ChatGPTの英作文は文法や構成が正確で、大人が書いたような自然な英文です。一方、中1レベルの英作文は語彙が限られ、文も短くなりますが、「自分で書いた」感が伝わり、小学生の英検受検者や中学1、2年生が現実的に書くことができる内容です。
どちらが正解というわけではなく、大切なのは自分の言葉で伝えること。AIの文章は参考になりますが、そのまま写すのではなく学習のヒントとして活用することでより学習効果が高くなると言えます。
AIの英作文は整っていて正確ですが、子どもが自分の言葉で書いた英文には、その子の経験や気持ちが表れます。
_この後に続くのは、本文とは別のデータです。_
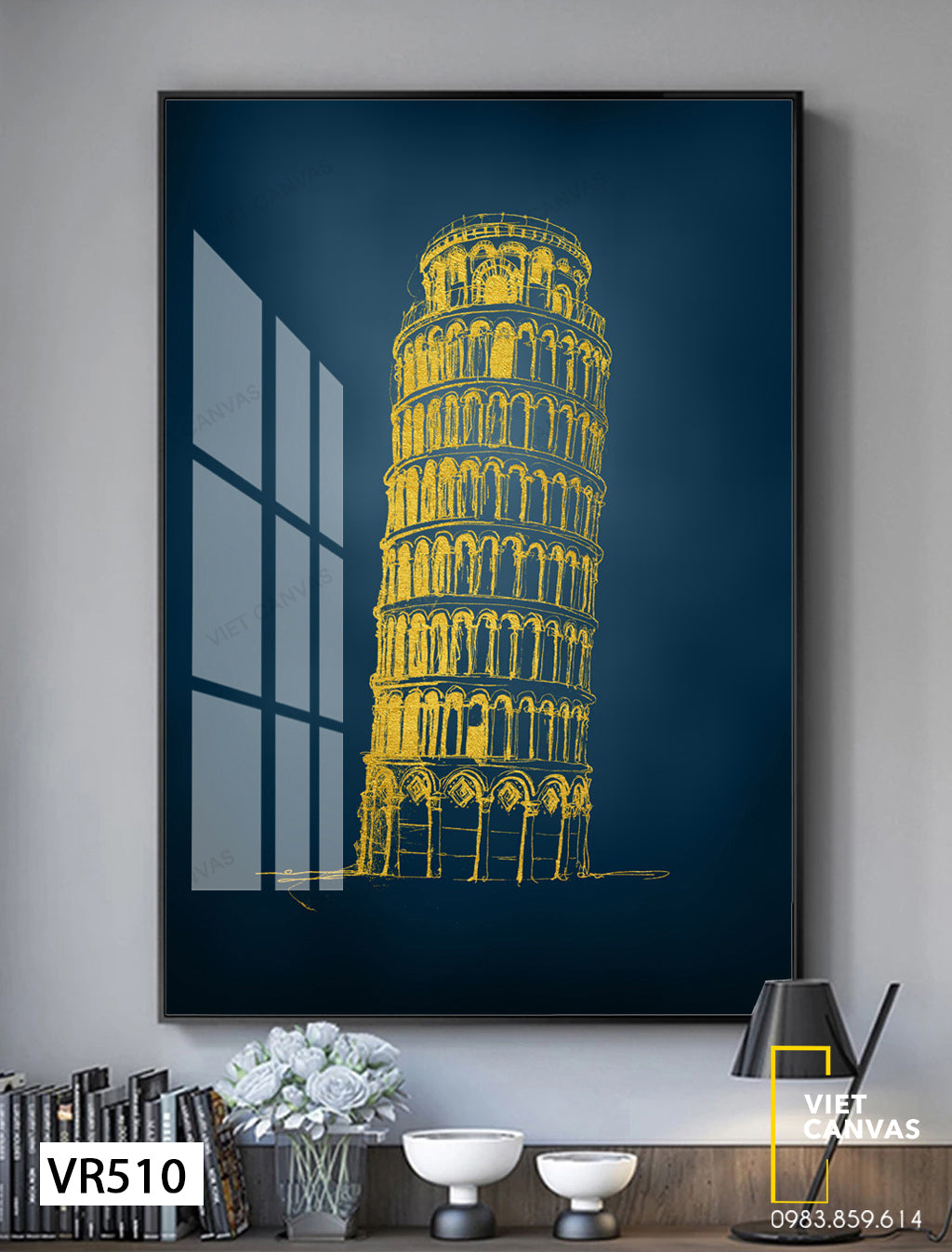Tranh Tháp Nghiêng - VR510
今の英語教育では「正しさ」だけでなく「伝える力」が問われます。だからこそ、多少不完全でも自分で書く経験こそが、これからの学力につながります。
AIとどう向き合えばよいか
近年、ChatGPTのようなAIが注目を集め、英作文の練習にも活用され始めています。AIは正確で自然な英文を瞬時に提示してくれます。しかし、英検において本当に求められるのは、「自分の考えを、自分の言葉で表現する力」です。
AIの文章をそのまま写すのではなく、「どうしてこの表現を使っているのか」「自分ならどう言い換えるか」と考えながら活用することが大切です。AIはあくまで学びの“道具”です。上手に使いこなすことで、自分自身の英語力を深めるきっかけになります。
英検を目指す皆さんには、AIに頼るのではなく、AIと“対話”しながら学ぶ姿勢を持ってほしいと願っています。
まとめ
これからの時代、求められるのは「正しく書ける力」だけでなく「自分の考えを伝える力」です。そしてそれをサポートしてくれる「AIを使いこなす力」も重要な能力となっていきます。AIは便利な道具ですが、使い方を間違えれば、学びを止めてしまうことにもなりかねません。
大切なのは、「自分の頭で考え、自分の言葉で表現する」ことです。そしてAIを上手に有効に活用しながら、自分らしい英語力を育てていくことが大切です。